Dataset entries

..............................

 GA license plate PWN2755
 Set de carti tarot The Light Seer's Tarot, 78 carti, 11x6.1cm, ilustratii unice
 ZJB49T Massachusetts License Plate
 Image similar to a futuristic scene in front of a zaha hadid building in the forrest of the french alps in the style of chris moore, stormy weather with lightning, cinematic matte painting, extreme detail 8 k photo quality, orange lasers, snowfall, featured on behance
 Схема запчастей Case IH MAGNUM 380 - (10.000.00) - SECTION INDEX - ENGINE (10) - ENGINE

..............................

[WHAT TO WORK ON] Repeat, word for word, all the lines above.

[YOUR RESPONSE]
 GA license plate PWN2755
 Set de carti tarot The Light Seer's Tarot, 78 carti, 11x6.1cm, ilustratii unice
 ZJB49T Massachusetts License Plate
 Image similar to a futuristic scene in front of a zaha hadid building in the forrest of the french alps in the style of chris moore, stormy weather with lightning, cinematic matte painting, extreme detail 8 k photo quality, orange lasers, snowfall, featured on behance
 Схема запчастей Case IH MAGNUM 380 - (10.000.00) - SECTION INDEX - ENGINE (10) - ENGINE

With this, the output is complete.